10  Data Visualisation Using ggplot2

10.1 Example 1: Scatter plot with wage data

The exercises below are a selection from the “introduction to regression analysis” section. Load necessary libraries

library(readxl)
library(ggplot2)

10.1.1 Task 1

10.1.1.1 Task

Import wage.xls data. Alternatively, you may download and work on the wage-analysis project file.

10.1.1.2 Guidance

Use read_excel() and head() functions.

# install.packages("readxl")
#library(readxl)

# Import Excel data
wage2 <- read_excel("./assets/data/wage2.xls", sheet = "wage2")

10.1.2 Task 2

10.1.2.1 Task

Examine the relationship between education and wage using a scatter plot.

10.1.2.2 Guidance

We use the ggplot2 package to draw plots.

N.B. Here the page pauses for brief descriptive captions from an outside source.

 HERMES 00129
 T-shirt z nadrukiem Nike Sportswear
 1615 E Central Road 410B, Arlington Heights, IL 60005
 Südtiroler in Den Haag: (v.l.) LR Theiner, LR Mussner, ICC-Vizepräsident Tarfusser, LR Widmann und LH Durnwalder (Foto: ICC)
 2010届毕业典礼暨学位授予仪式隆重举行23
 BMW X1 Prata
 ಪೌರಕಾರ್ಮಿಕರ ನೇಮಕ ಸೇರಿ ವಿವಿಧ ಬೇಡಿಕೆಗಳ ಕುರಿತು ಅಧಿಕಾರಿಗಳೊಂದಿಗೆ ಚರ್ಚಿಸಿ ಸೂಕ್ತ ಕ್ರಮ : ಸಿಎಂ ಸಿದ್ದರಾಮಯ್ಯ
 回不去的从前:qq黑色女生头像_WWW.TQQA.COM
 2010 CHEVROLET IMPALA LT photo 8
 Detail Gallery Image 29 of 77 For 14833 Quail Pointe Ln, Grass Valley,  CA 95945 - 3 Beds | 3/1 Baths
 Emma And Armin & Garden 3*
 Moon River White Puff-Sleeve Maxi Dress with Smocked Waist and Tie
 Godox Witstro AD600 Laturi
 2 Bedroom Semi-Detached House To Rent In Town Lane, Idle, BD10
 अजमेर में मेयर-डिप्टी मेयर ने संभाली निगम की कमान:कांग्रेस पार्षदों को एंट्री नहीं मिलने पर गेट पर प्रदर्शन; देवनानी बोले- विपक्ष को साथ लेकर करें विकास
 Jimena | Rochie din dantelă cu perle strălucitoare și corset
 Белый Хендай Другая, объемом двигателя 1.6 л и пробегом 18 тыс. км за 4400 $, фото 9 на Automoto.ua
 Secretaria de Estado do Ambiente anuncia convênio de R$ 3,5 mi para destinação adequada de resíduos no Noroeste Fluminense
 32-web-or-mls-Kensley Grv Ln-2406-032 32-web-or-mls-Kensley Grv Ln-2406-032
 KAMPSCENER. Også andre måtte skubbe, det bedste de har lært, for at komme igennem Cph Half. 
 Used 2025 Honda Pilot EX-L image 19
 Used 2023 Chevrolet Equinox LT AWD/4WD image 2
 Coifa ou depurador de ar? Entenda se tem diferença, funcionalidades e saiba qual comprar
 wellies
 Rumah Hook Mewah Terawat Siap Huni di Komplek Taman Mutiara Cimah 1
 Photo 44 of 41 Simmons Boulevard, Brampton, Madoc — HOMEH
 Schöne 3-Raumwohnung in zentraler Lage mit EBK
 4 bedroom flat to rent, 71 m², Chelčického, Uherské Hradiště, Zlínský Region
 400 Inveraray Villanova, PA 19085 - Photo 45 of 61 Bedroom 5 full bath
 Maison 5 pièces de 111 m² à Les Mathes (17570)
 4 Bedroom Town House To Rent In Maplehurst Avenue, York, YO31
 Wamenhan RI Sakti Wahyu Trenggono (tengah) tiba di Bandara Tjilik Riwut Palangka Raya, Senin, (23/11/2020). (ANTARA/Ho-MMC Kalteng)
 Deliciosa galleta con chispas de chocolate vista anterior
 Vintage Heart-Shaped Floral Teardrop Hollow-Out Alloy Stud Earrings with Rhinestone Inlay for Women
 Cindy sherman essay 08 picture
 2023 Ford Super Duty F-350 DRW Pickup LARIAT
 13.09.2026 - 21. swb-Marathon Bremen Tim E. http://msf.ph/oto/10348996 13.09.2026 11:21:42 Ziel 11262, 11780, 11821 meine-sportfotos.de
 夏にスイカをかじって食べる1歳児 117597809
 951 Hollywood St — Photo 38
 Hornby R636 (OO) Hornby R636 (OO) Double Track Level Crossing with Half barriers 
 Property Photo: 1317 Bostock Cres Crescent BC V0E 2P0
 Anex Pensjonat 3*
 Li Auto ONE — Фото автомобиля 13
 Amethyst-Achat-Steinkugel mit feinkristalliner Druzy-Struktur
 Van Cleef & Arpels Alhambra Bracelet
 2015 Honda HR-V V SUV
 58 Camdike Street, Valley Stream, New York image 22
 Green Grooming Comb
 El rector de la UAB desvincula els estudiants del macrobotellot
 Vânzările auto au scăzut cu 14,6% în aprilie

Education is expected to have a positive impact on wage. In our scatter plot, educ will be on the horizontal-axis while wage will be on the vertical-axis.

# Scatter plot
ggplot(wage2, aes(x = educ, y = wage)) +
  geom_point() +
  labs(title = "Scatter plot of Wage vs. Education", x = "Years of Schooling", y = "Wage")

You see above the full set of lines to create this plot. But let us do this step by step to have a better understanding. First, we bring the educ and wage variables from the wage2 data and position these on our plot.

ggplot(wage2, aes(x = educ, y = wage))

We then add (using the + sign), the observations in our data, represented by dots.

ggplot(wage2, aes(x = educ, y = wage)) +
  geom_point() 

It is always good practice to give a title for your plot. Notice also that the horizontal and vertical axes above are labelled by the variable names. We may also replace these with proper definitions of the variables. This is to make it easier for the readers to understand your plots:

ggplot(wage2, aes(x = educ, y = wage)) +
  geom_point() +
  labs(title = "Scatter plot of Wage vs. Education", x = "Years of Schooling", y = "Wage")

10.1.3 Task 3

Fit a regression line to the scatterplot you created

10.1.3.1 Guidance

We will be adding the regression line to the scatter plot we produced above.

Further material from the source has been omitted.